Total abstinence is not the only way to handle strong habits. In fact, it's not even the most common way for many behaviors that don't involve alcohol and drugs.
Count plates, not calories. 11 years "during"
Age 67
BMI Jan/10-30.8
1/12-26.8 3/13-24.9 +/- 8-lb. 3 yrs
9/17 22.8 (more flux) 3/18 22.2
2 yrs flux 6/20 22
1/21-23

There was no S better than Vanilla No S (mods now as a senior citizen)

ckay21
Posts: 30
Joined: Tue Jun 10, 2014 6:03 am

reply to needing help

Post by ckay21 » Tue Jun 10, 2014 6:11 am

Hello. I am just reading about the no S diet and looking through the posts on the bulletin board. I read your post and must say I am very similar in feeling about sugar.
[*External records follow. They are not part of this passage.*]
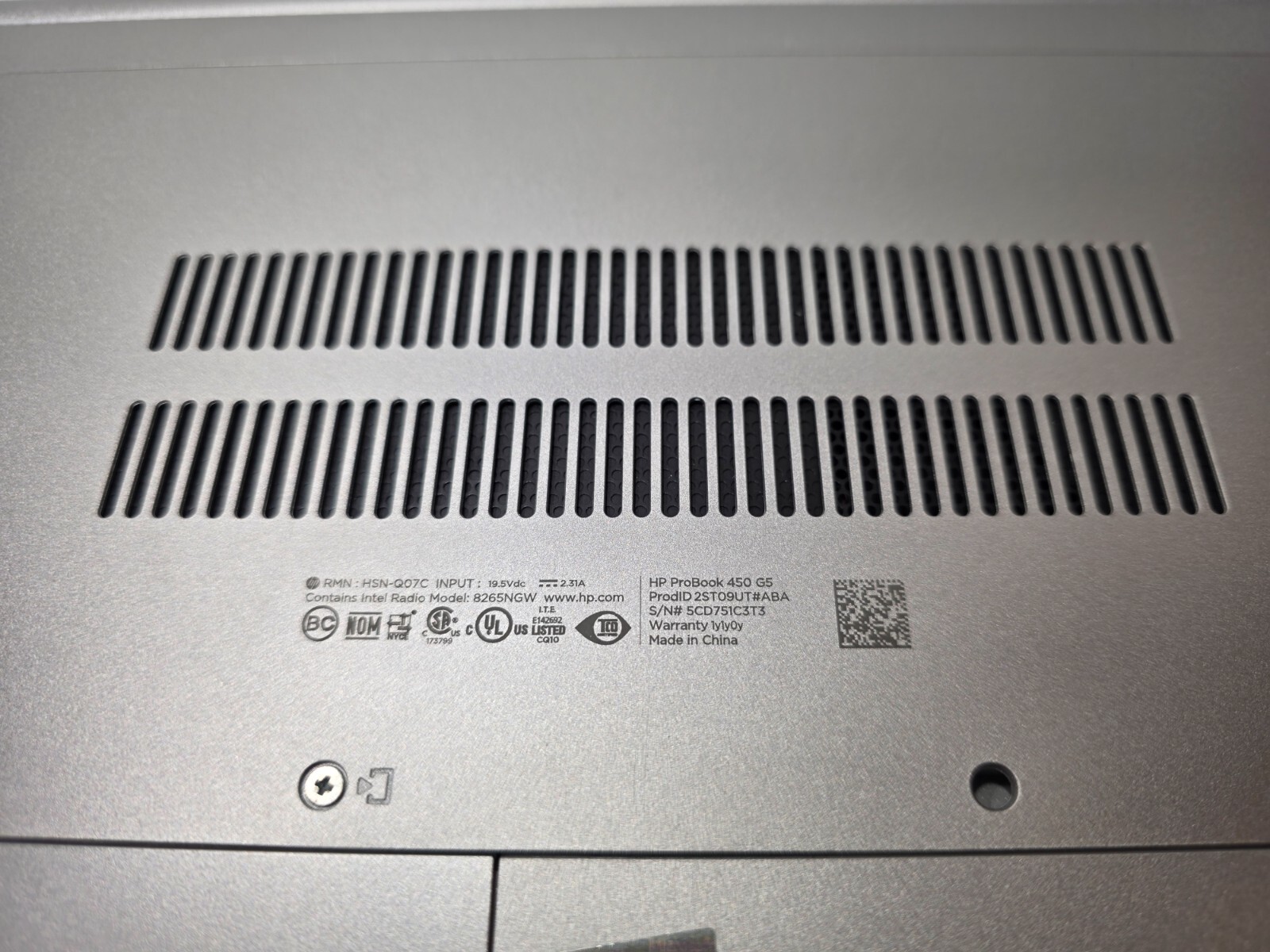 HP ProBook 450 G5 15.6″ / i5-8250U 1.60GHz / 8GB RAM DDR4 / NO SSD / NO CHARGER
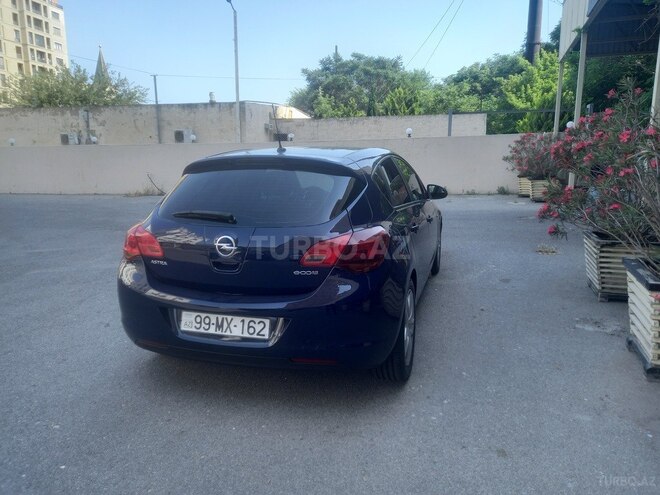 Opel Astra 2010, 204,000 km - 1.4 л - Bakı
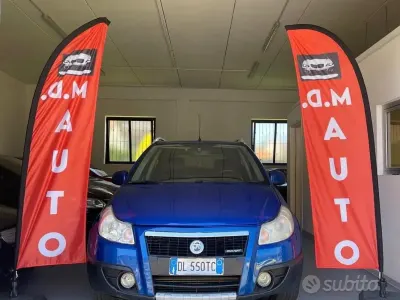 Usata Fiat Sedici Emotion 120 CV (88 kW) 2009 Bluazzurro SUV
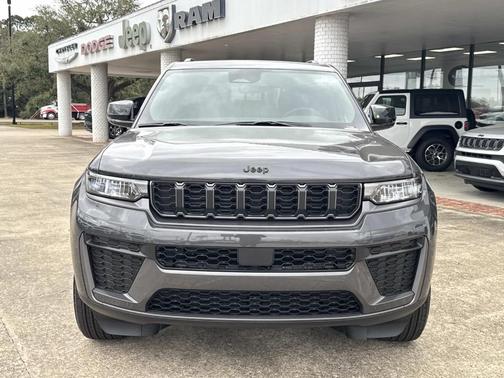 2026 Jeep Grand Cherokee Laredo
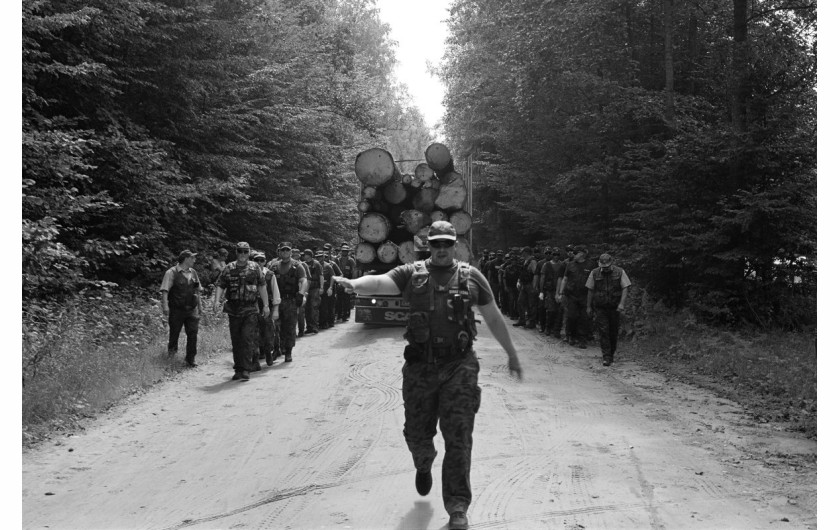 fot. Jacek Kusz, „Dzikie życie”, NadWisłą24.pl, I miejsce w kategorii ŚRODOWISKO

Puszcza Białowieska. W 2017 roku polski rząd, pod pretekstem walki z kornikiem, zaczął wielką eksploatację Puszczy Białowieskiej, najstarszego lasu na niżu europejskim. Trwające od maja 2017 roku przez kilka miesięcy pokojowe protesty i blokady ciężkiego sprzętu nie zdołały przerwać wycinki. Trybunał Sprawiedliwości UE wezwał do wstrzymania prac, lecz polski rząd nie zastosował się i ciął dalej. Protestującym osobom wlepiano mandaty, założono 180 spraw sądowych. Zdjęcia powstały w nadleśnictwie Białowieża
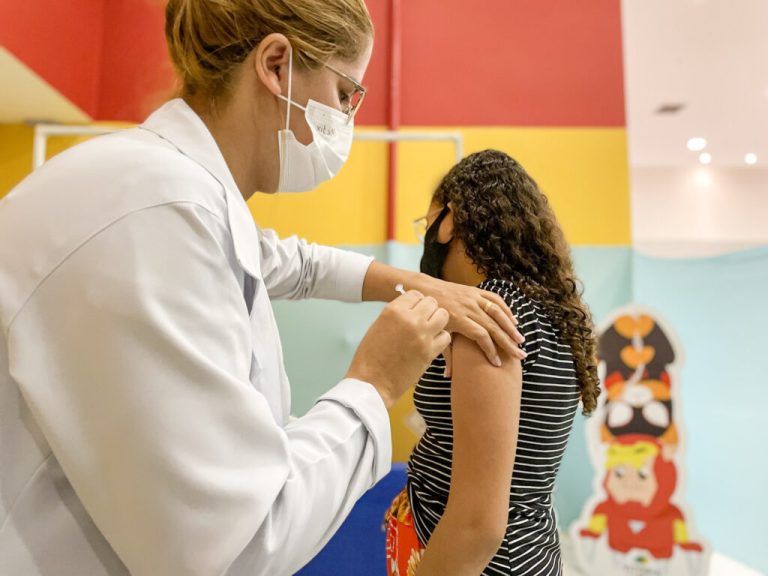 Covid: Vitória amplia 2ª dose de reforço para pessoas acima de 50 anos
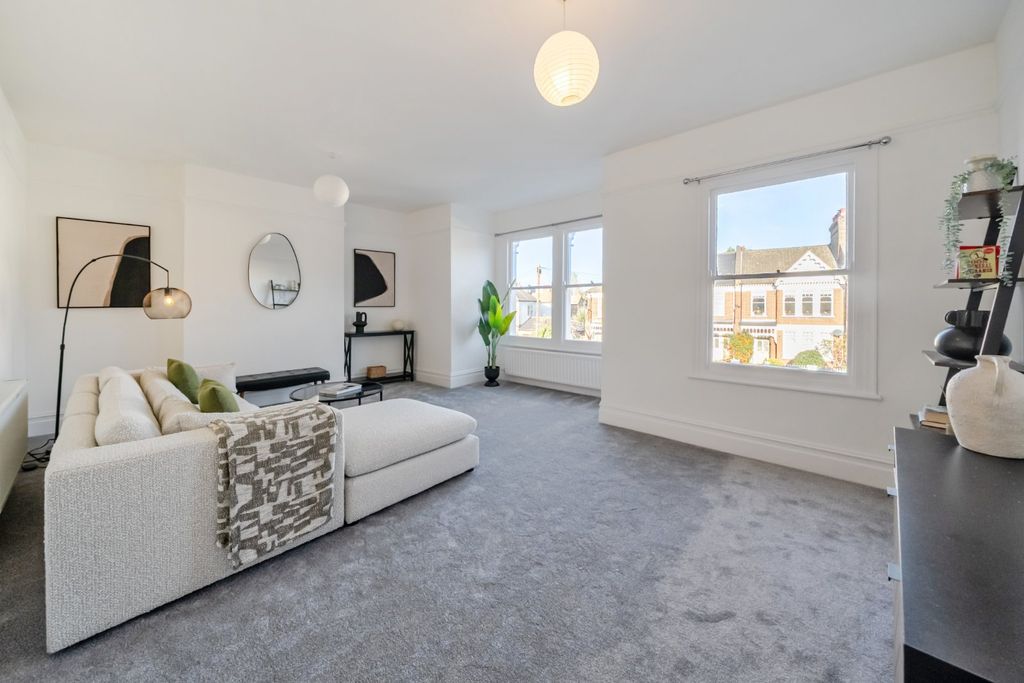 Property photo 2 of 10 Picture No. 86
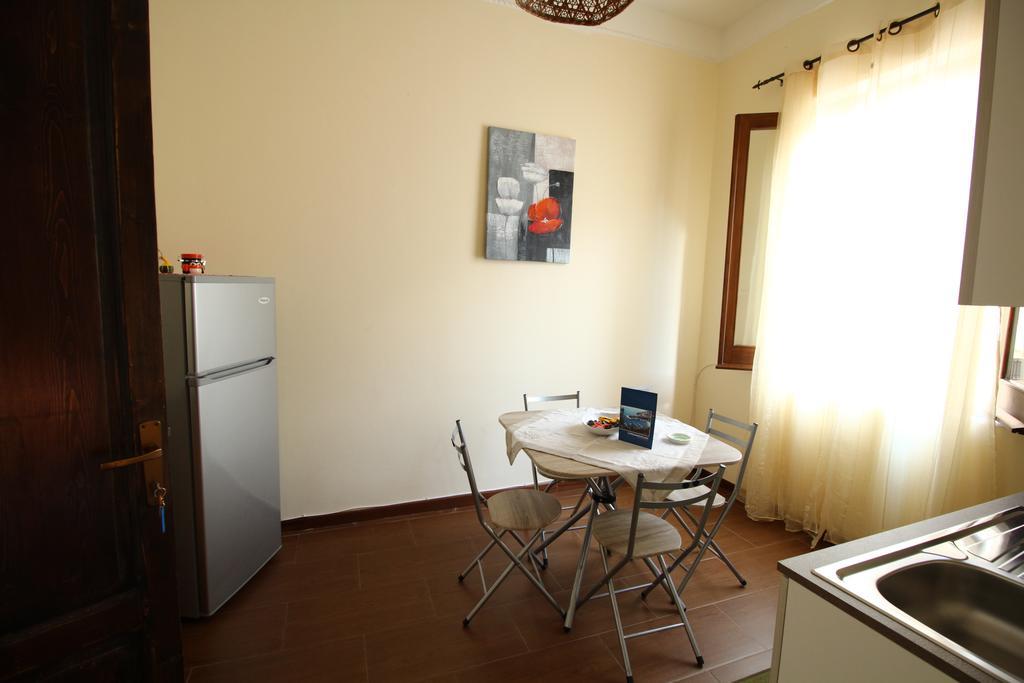 Bovio Guest House กัสเตลลัมมาเร เดล โกลโฟ ภายนอก รูปภาพ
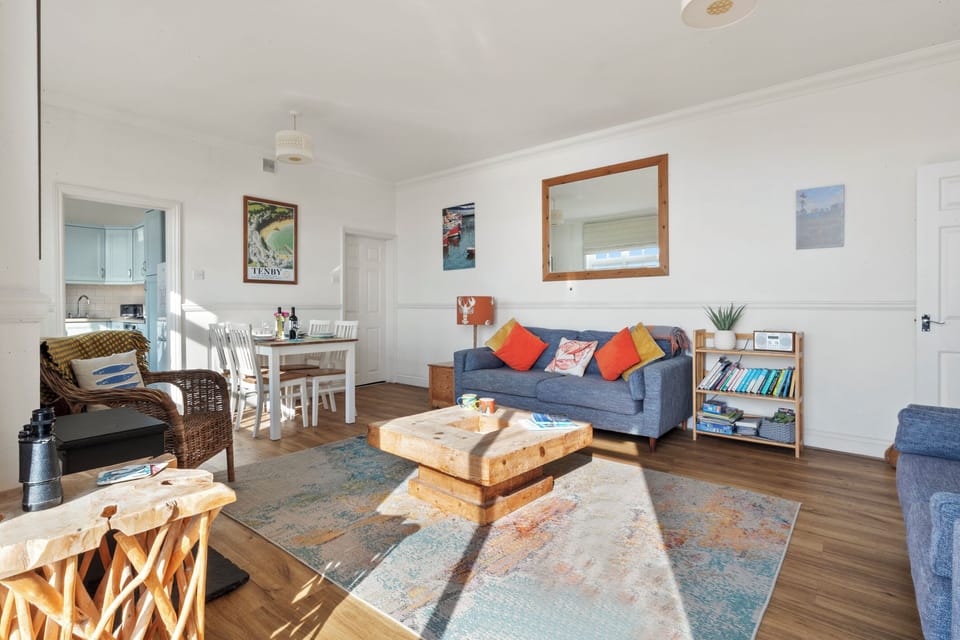 Direct Beach Access, Sea Views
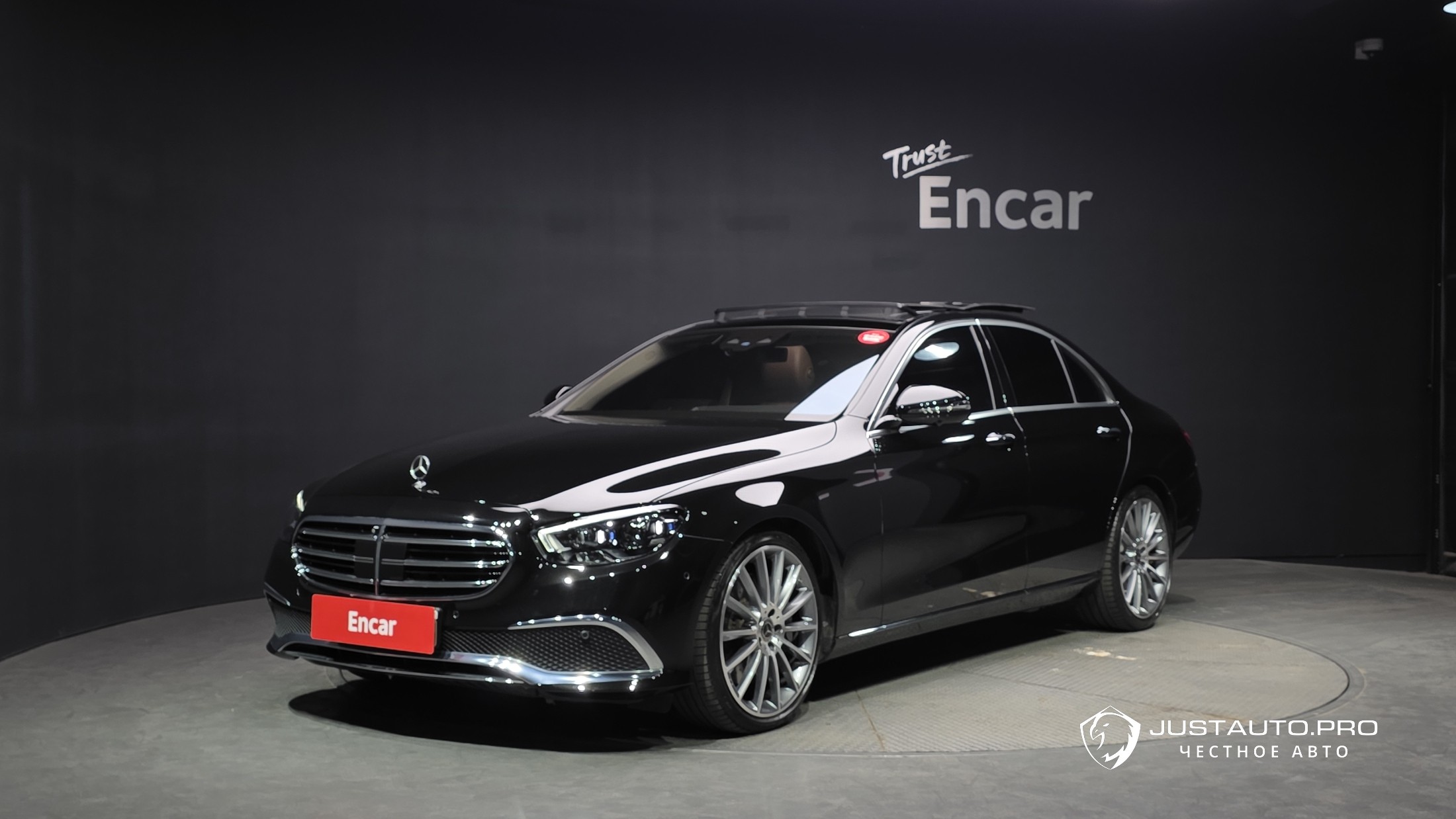 Автомобиль Mercedes-Benz E-Class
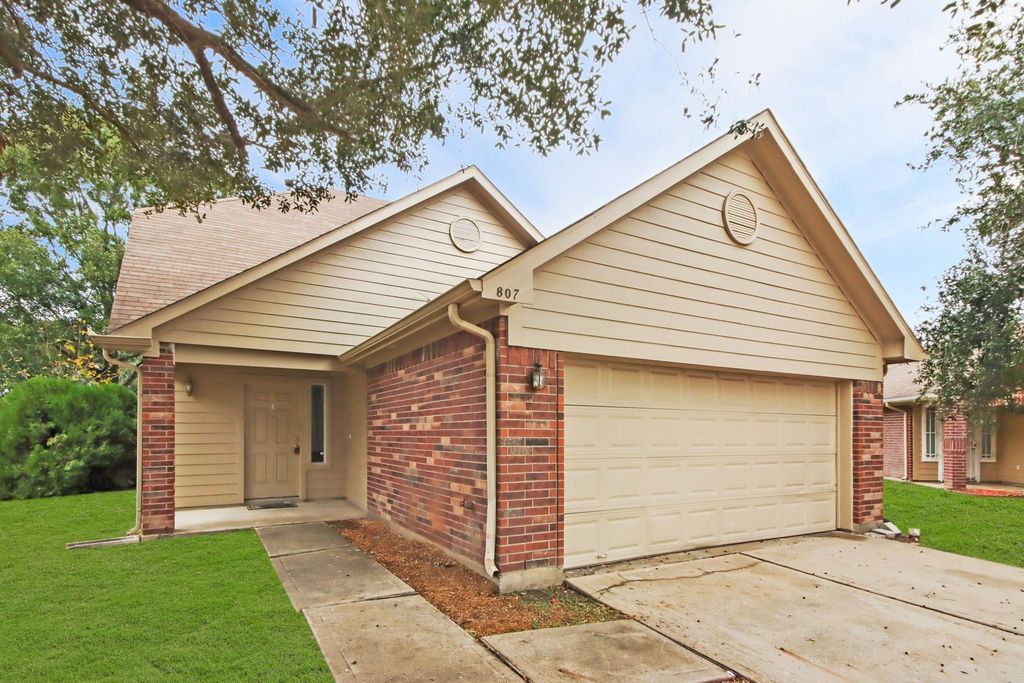 807 Sycamore Ridge Lane, Houston, TX 77073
I feel like I am addicted to sugar and should abstain from it altogether. One sweet is never enough and one sweet is too much. It sends me on a sugar seeking search that never seems to end. I have a lot of reading on the S diet to do yet and will read the posts - I think the no snacks, no sweets and no seconds are possible but I am very afraid of the S days.

ksbrowne
Posts: 68
Joined: Thu Aug 20, 2009 12:35 pm
Location: Georgia

Post by ksbrowne » Fri Jun 13, 2014 9:46 pm

My advice is, don't beat up on yourself. Relax. Have another go at it when you feel up for it. And know this ---- it WILL get easier! These good eating habits will become effortless, eventually. It took me a very long time to get it down and I am still kind of a work in progress. But it is getting much, much easier!